Men have depicted greater desires than females in the sexual diversity. One research shows that, as compared to females, men tend to have four times more sexual partners. Women might have different perspectives than their male counterparts when getting into a temporary relationship. In addition, women are more probable to feel used in a short-term relationship, even though at times they cannot reasonably explain the reason why they feel so. On the other hand, men frequently feel no worries over even a large number of short-term relationships (Leitenberg & Henning, 1996).

Zurbriggen & Yost suggest that most of the differences in sexual fantasies between women and men stem from their life circumstance. The survey was aimed at finding out when women feel the strongest sexual attraction during the period of one year. The magnitude of women’s sexual aspiration vacillates depending on their menstrual cycle. Fluctuation in women’s sexual desires makes them experience sexual interest or preference in men who seem virile. The evolution theory explains different effects that evolution has had on mate choice in women and men. It suggests that men value the mate’s youthful and attractive look (Zurbriggen & Yost, 2004). In America, women have selected partners who earn fifty percent more than the men that were not selected. In many nations, a man who is not financially generous towards his female partner has established grounds for separation (Andersen & Cyranowski, 1992).

According to Brown & Sinclair, when choosing a mate, females exchange their beauty for resources. In his study, Waynforth reports that those women who choose rich husbands have got many children and have fewer chances of divorce, as compared to other women. In fact, women who have rich husbands are more satisfied with their marriage and take care of their husbands and children with no regrets. Therefore, the attractiveness of a woman is as important as a man’s resources (Brown & Sinclair, 1998). Additionally, women prefer less attractive men for long-term relationships provided the man is well-off. On the other hand, men prefer attractive women who have little or no resources. In fact, the most attractive men end up marrying the least attractive women who lacked spouses. This occurs because men do not like unattractive women, and women do not prefer attractive men. As compared to females, men have a permissive attitude towards casual, early sex and extramarital sex intercourse (Andersen & Cyranowski, 1992).

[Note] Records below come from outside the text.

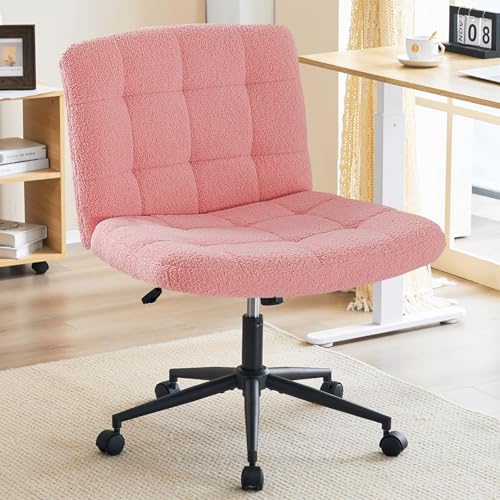 Furnimart Swivel Criss Cross Legged Chair with Wheels for Home Office, Wide Armless Desk Chair Height Adjustable Comfy Seat for Desk,Vanity, Bedroom, Faux Fur Pink - color: Faux Fur-pink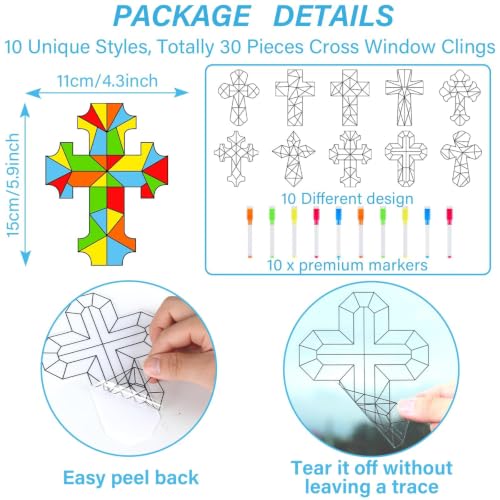Qyeahkj 30 Pack Vbs Religious Cross Crafts Bulks Sunday School Christian Window Suncatchers Craft Kits Jesus Bible Coloring Window Clings Art Gift for Classroom Church Home Decor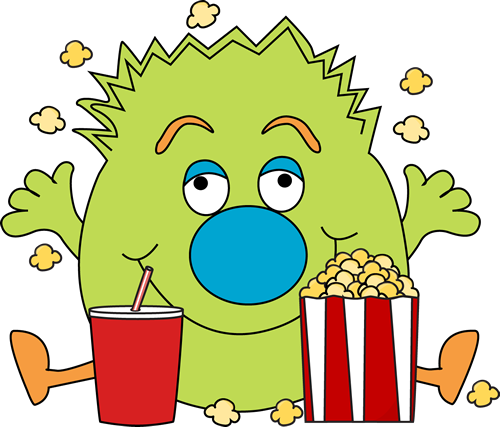 500x427 Monster With Popcorn Clip Art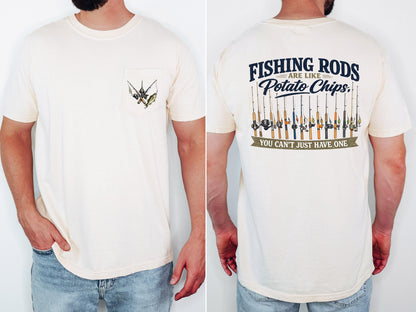 Fishing Rods Are Like Potato Chips Shirt, Funny Fishing Shirt, Comfort Colors Pocket Tee, Fisherman Gift, Lake Life Graphic Tee
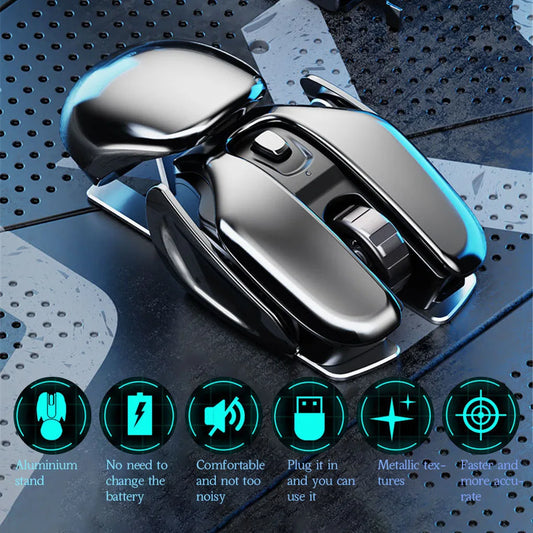 PX2 Metal 2.4G Wireless Mute 1600DPI Mouse 6 Buttons for PC Laptop Computer Gaming Office Home Aluminum Lightweight Mouse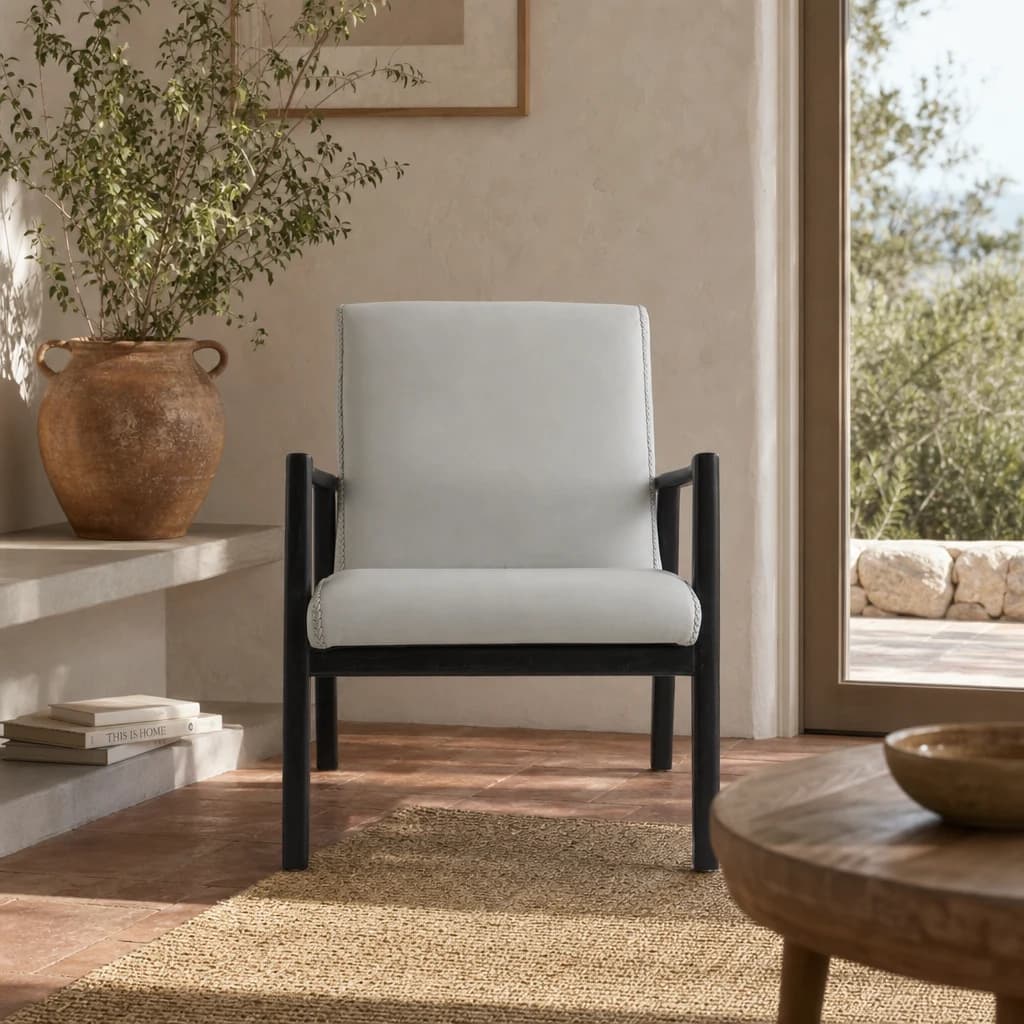 Kendari Grey Leather Chair with Black Teak Frame - Seating, photo 1 of 6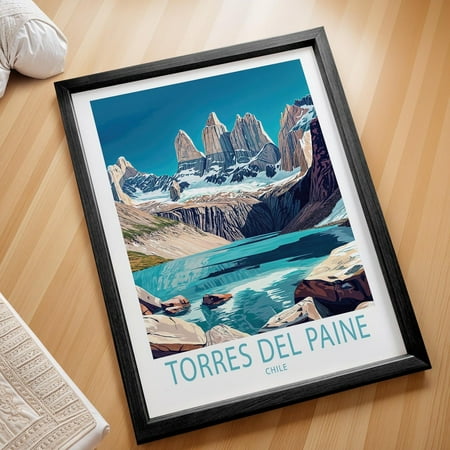 Torres Del Paine Chile Travel Poster, Chile Wall Art Print, Torres Patagonia Travel Print, House Warming Gifts, Birthday Present Wall Art, Modern Wall Decor, 24x36 UNFRAMED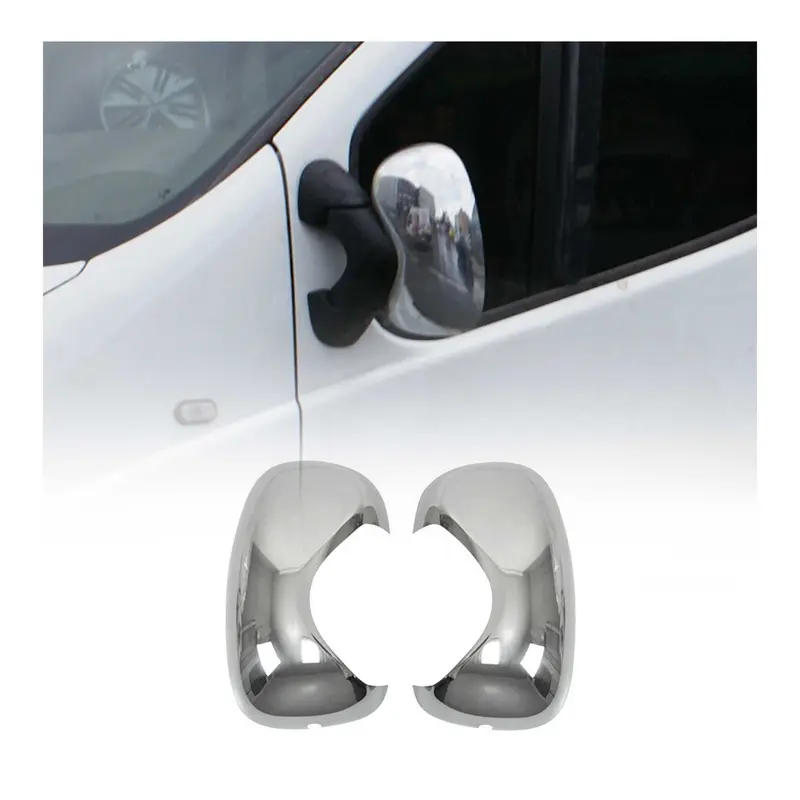 Coques de Rétroviseurs pour Opel Vivaro A 2001-2014 en Acier Chromé Argent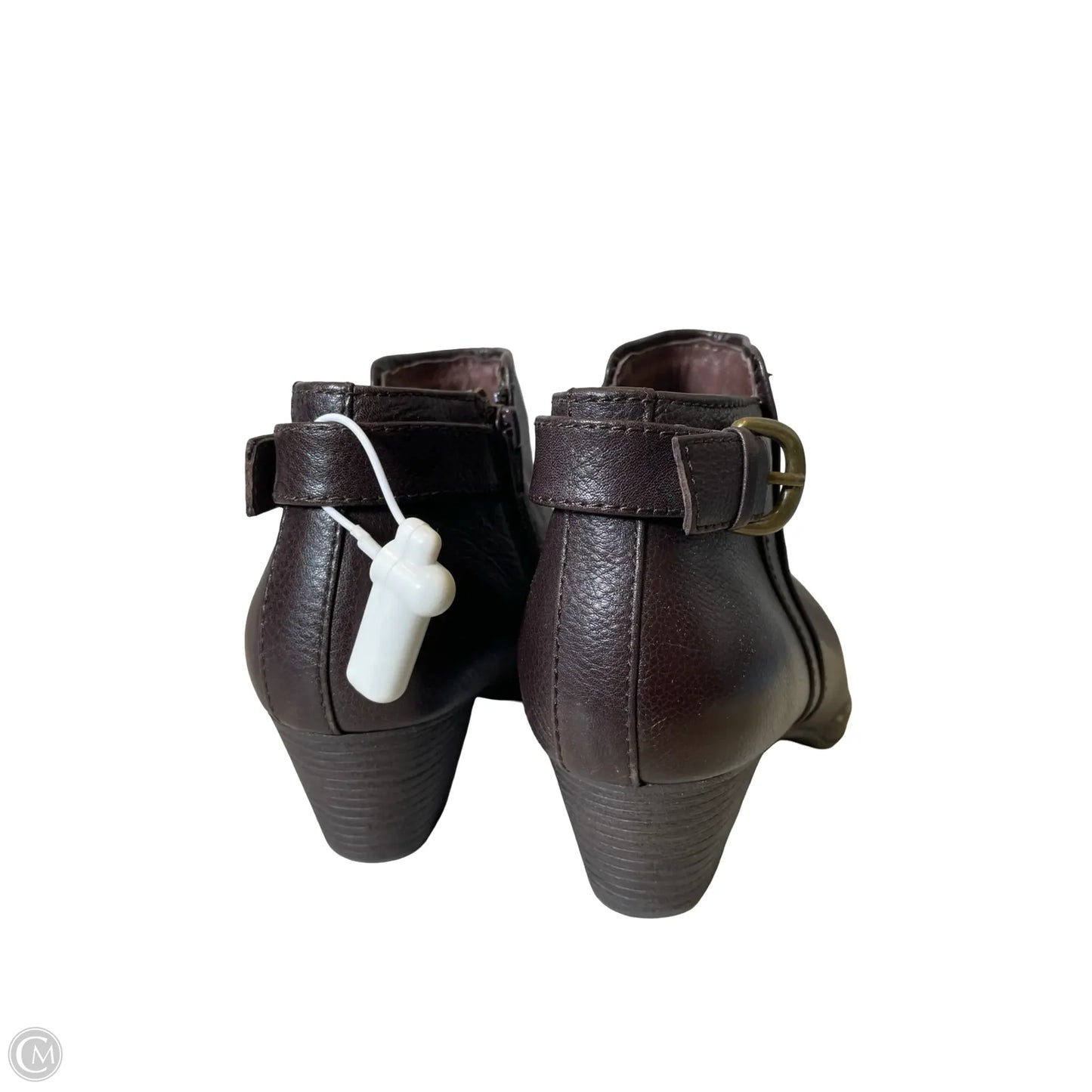 Boots Ankle Heels By Clothes Mentor In Brown, Size: 7.5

In a study carried out in America, women were given men’s photographs and were asked to select future partners from the photographs. They were more attracted to the wealth of the men rather than their attractiveness. On the other hand, men selected women on the basis of their physical attraction. The women’s dressing was not considered. Therefore, men have a tendency towards visual arousal. According to some research, girls are dressed earlier than boys and taught how to behave in different situations. They dress properly to avoid arousing men at an inappropriate time. However, boys can remain naked until the age of ten since women are not visually aroused (Zurbriggen & Yost, 2004).

In conclusion, sexual similarities and differences between women and men are significant in their sexuality life and relationships. The understanding of the differences is crucial in the accomplishment of sexual satisfaction and enjoyment. Therefore, it is important to investigate gender differences in sexuality and give an explanation for them. Most scholars have come up with an agreement that evolution is the reason behind the differences in sexuality between men and women. Their research, results, and conclusions suggest that men and women evolved differently form a psychological point of view. Therefore, they have different sexual fantasies and attitudes towards sexuality. However, the researched conducted on gender sexuality is controversial. Some researchers such as Zurbriggen and Yost claim that there are no significant differences between genders as far as sexuality is concerned. These results also indicate that an important difference between men and women’s sexuality is based on arousal. However, the researchers do not indicate why women choose one sex if they are capable of being sexually aroused by both sexes.